__Your assignment__
Down to the last line, reproduce the data that follows, but skip the pictures.

__Supplied material__
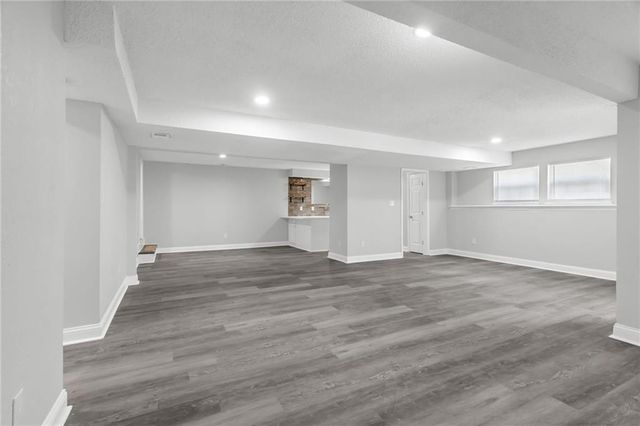 12548 W 82nd Terrace, Lenexa, KS 66215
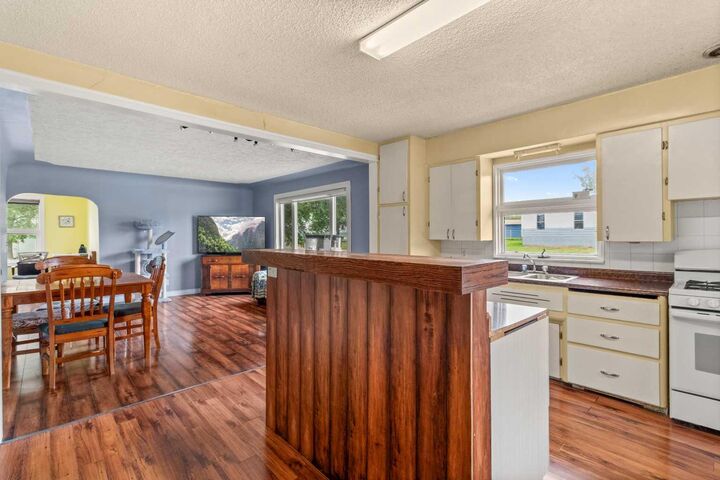 Property Photo:  439 Aberdeen Avenue  AB T0M 0L0 
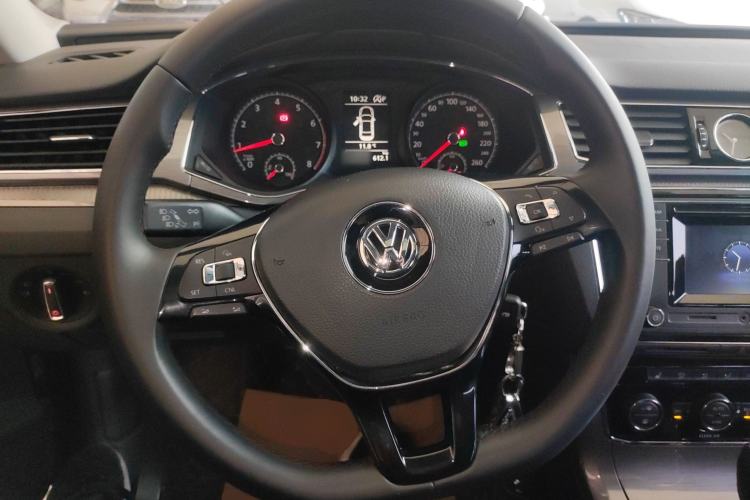 Used Volkswagen Passat 2016 330TSI DSG Luxury Edition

__Expected answer__
 12548 W 82nd Terrace, Lenexa, KS 66215
 Property Photo:  439 Aberdeen Avenue  AB T0M 0L0 
 Used Volkswagen Passat 2016 330TSI DSG Luxury Edition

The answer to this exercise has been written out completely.